Data for the task:
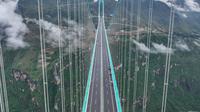 Jembatan Huajiang Grand Canyon di China. (dok. STR / AFP)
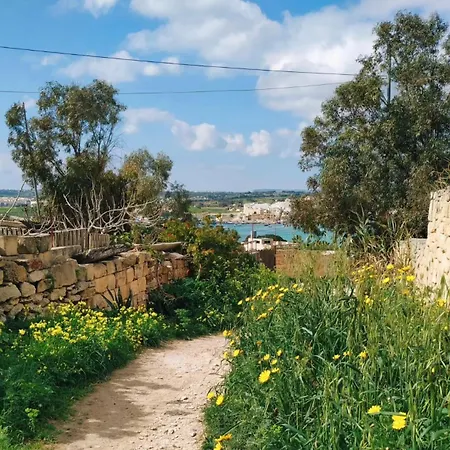 Zer- Spacious House With Terrace And Views Marsaxlokk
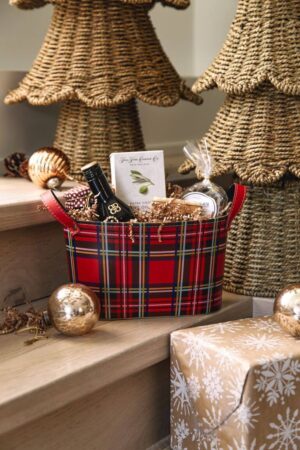 RED PLAID OVAL PU PACKER  WITH HANDLES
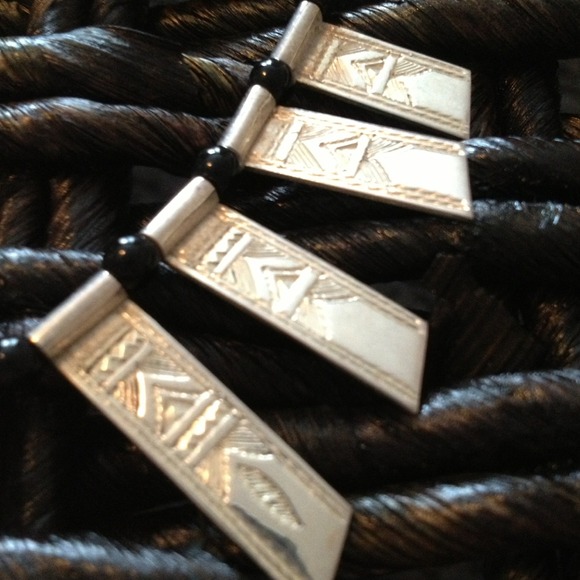 HANDMADE SOUTH AFRICAN NECKLACE - Picture 2 of 3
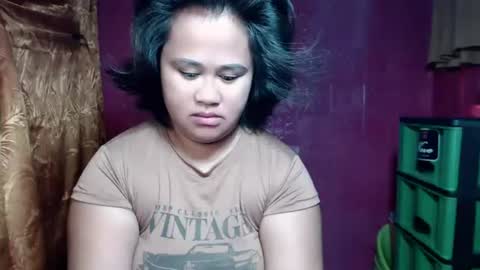 Nathalie online show from June 28, 2026, 1:33 am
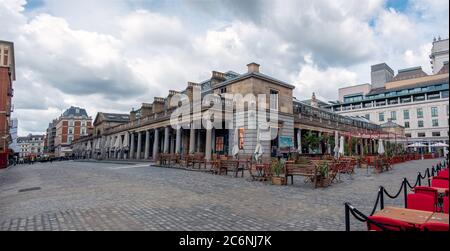 La place déserte autour de la Piazza pendant la pandémie Covid-19 à Covent Garden, Londres, Royaume-Uni. Banque D'Images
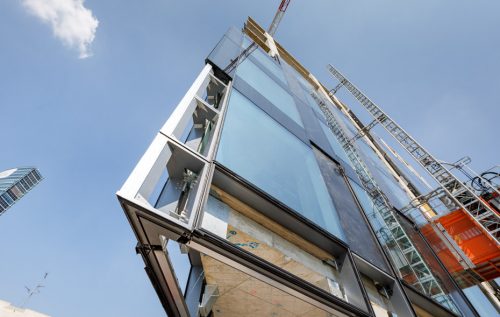 Durante i lavori, dettaglio ad angolo dell'edificio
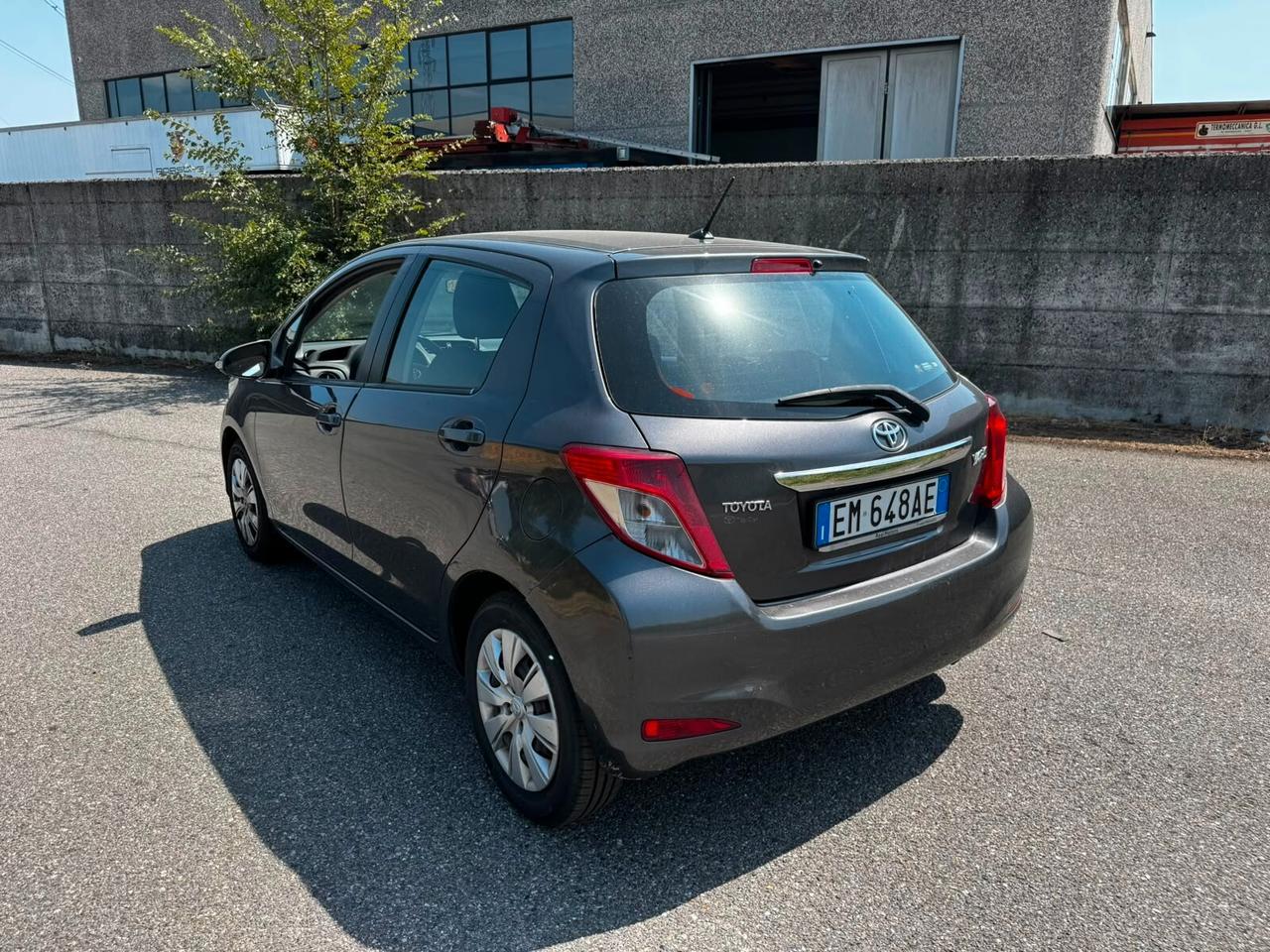 Toyota Yaris 1.0 5 porte Lounge - 2012 - 115.000 km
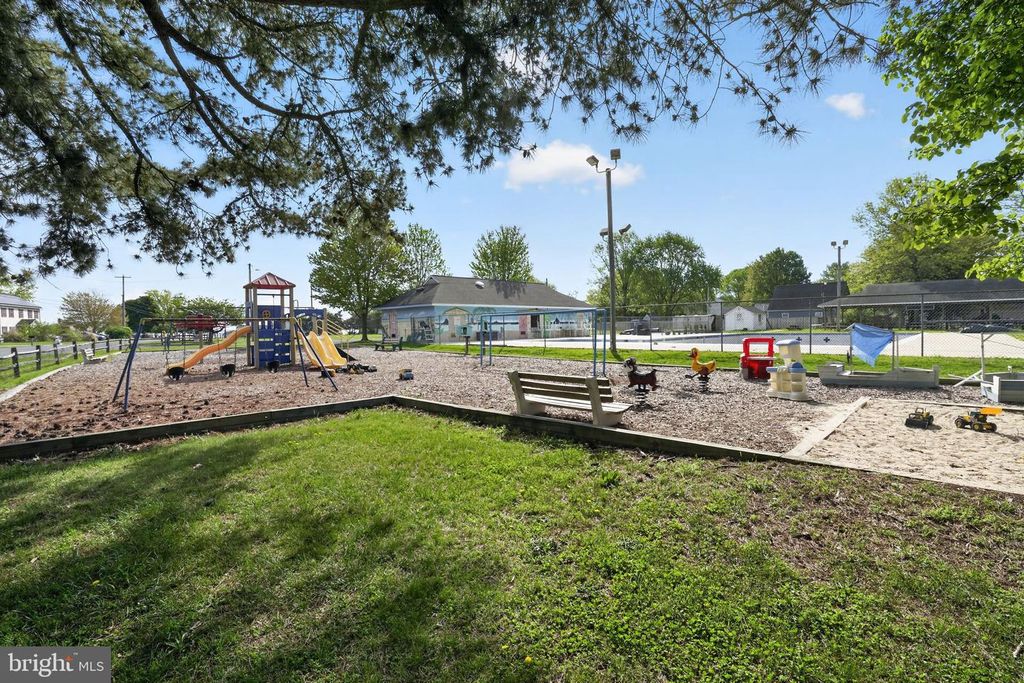 Image 16 of property listing at 225 NICHOLS MANOR DR, Stevensville, MD 21666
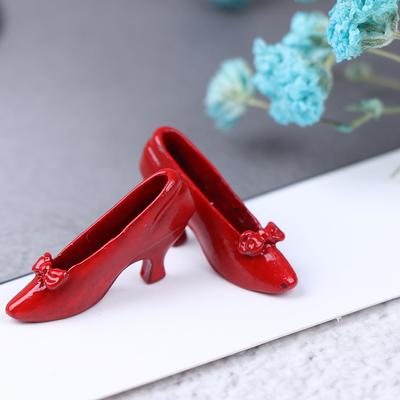 2 Pairs Miniature dollhouse Resin Slippers Home Mini Decor Fairy Garden Bonsa/_SH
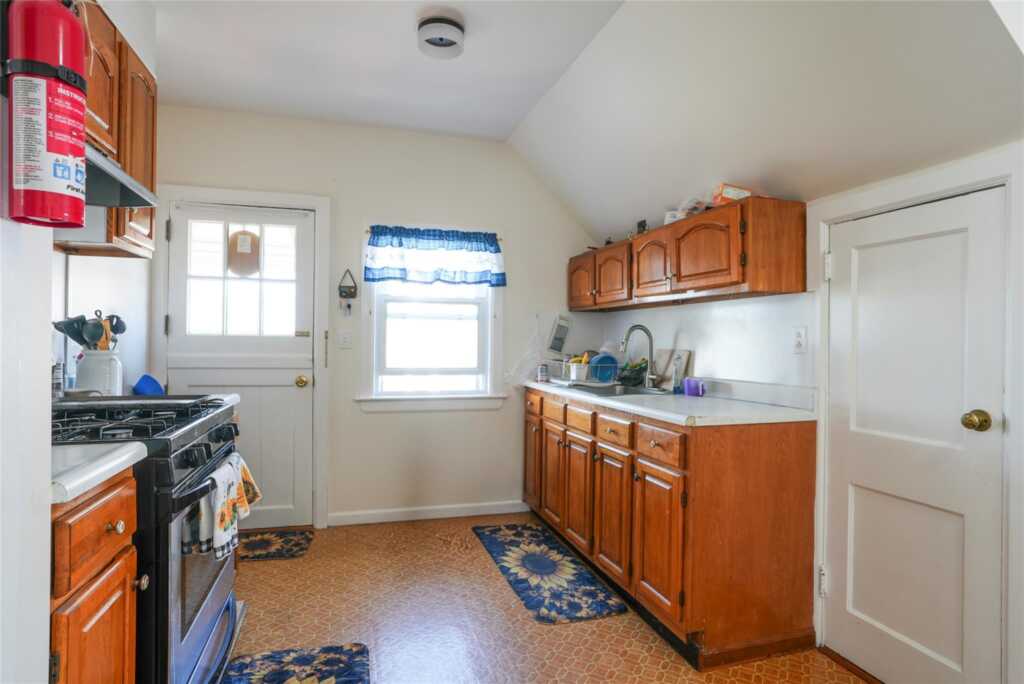 22 Olivia Street, Rye, NY 10573 - Photo 15 of 38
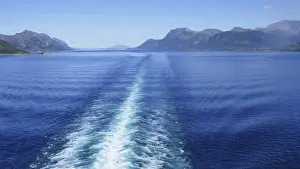 Wake in a fjord landscape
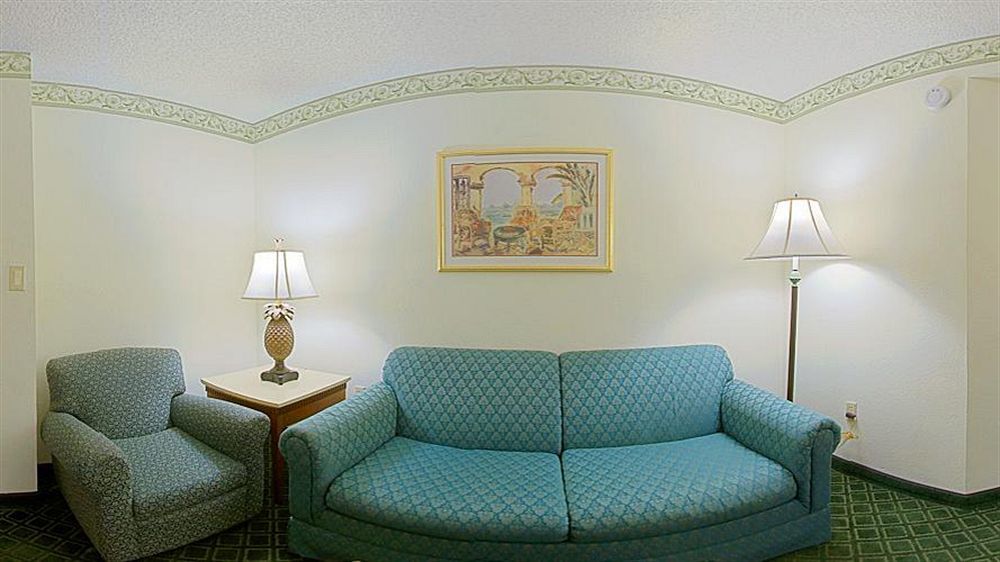 ホリデイ イン ポート セント ルーシー Port St. Lucie エクステリア 写真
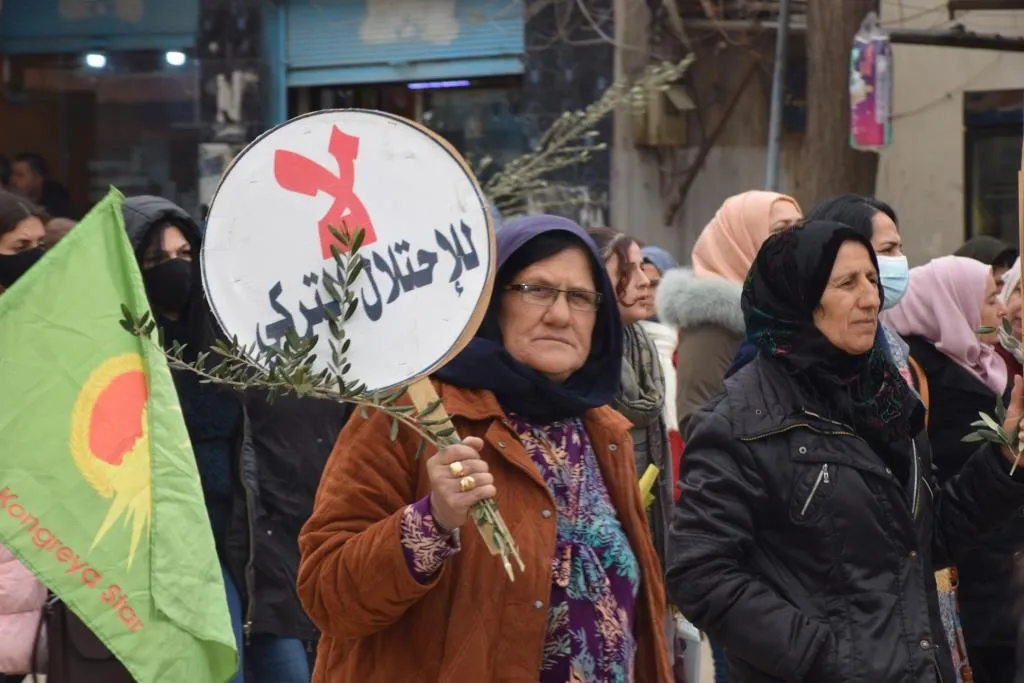 الآلاف في إقليم الجزيرة بجميع مكوناتهم وانتماءاتهم السياسية ينددون بالاحتلال التركي لمقاطعة عفرين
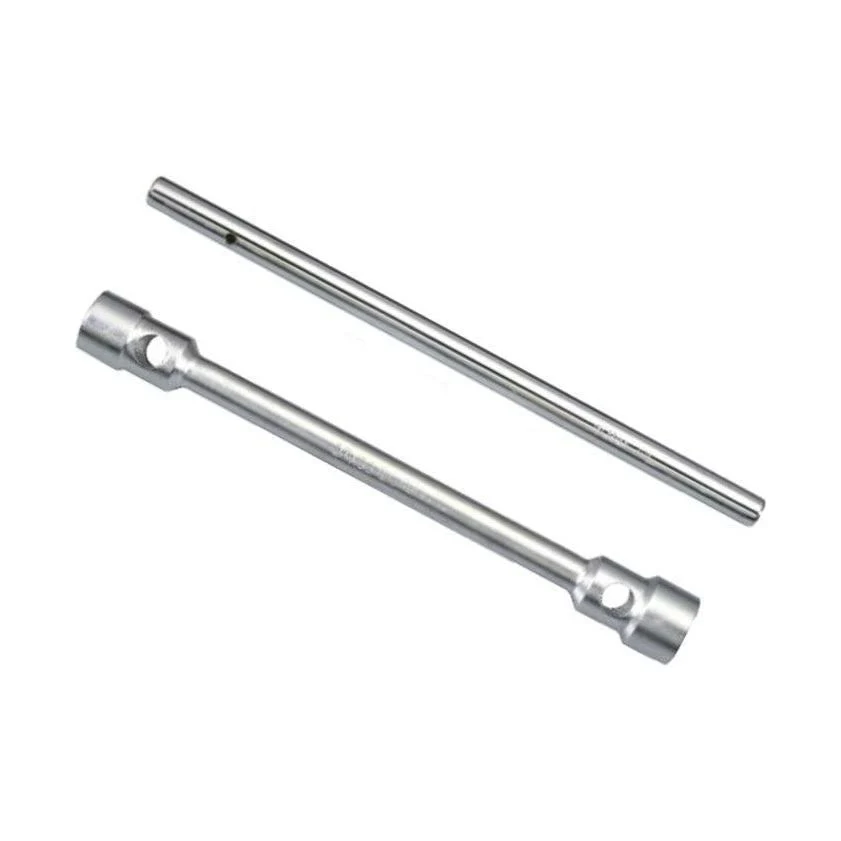 1470 2 WAY TRUCK WRENCH 1470M Two-Way Truck Tire Wrench – Heavy-Duty Deep Socket & Crossbar Handle for Commercial Use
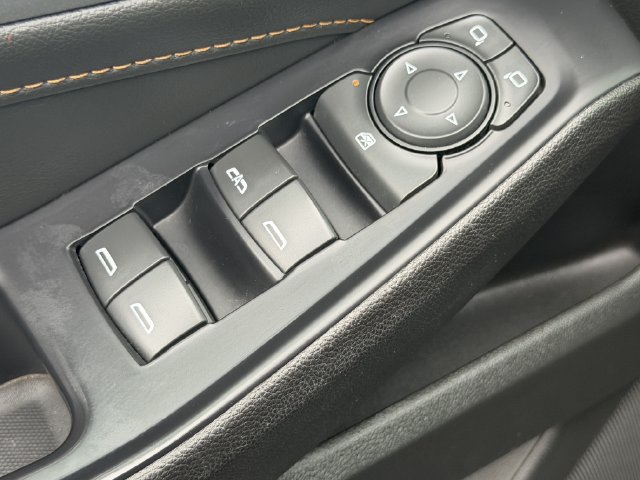 Used 2020 Chevrolet Traverse RS FWD image 23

Work to be completed: Type the listing out again word for word, passing over each picture.

Response to the exercise:
 Jembatan Huajiang Grand Canyon di China. (dok. STR / AFP)
 Zer- Spacious House With Terrace And Views Marsaxlokk
 RED PLAID OVAL PU PACKER  WITH HANDLES
 HANDMADE SOUTH AFRICAN NECKLACE - Picture 2 of 3
 Nathalie online show from June 28, 2026, 1:33 am
 La place déserte autour de la Piazza pendant la pandémie Covid-19 à Covent Garden, Londres, Royaume-Uni. Banque D'Images
 Durante i lavori, dettaglio ad angolo dell'edificio
 Toyota Yaris 1.0 5 porte Lounge - 2012 - 115.000 km
 Image 16 of property listing at 225 NICHOLS MANOR DR, Stevensville, MD 21666
 2 Pairs Miniature dollhouse Resin Slippers Home Mini Decor Fairy Garden Bonsa/_SH
 22 Olivia Street, Rye, NY 10573 - Photo 15 of 38
 Wake in a fjord landscape
 ホリデイ イン ポート セント ルーシー Port St. Lucie エクステリア 写真
 الآلاف في إقليم الجزيرة بجميع مكوناتهم وانتماءاتهم السياسية ينددون بالاحتلال التركي لمقاطعة عفرين
 1470 2 WAY TRUCK WRENCH 1470M Two-Way Truck Tire Wrench – Heavy-Duty Deep Socket & Crossbar Handle for Commercial Use
 Used 2020 Chevrolet Traverse RS FWD image 23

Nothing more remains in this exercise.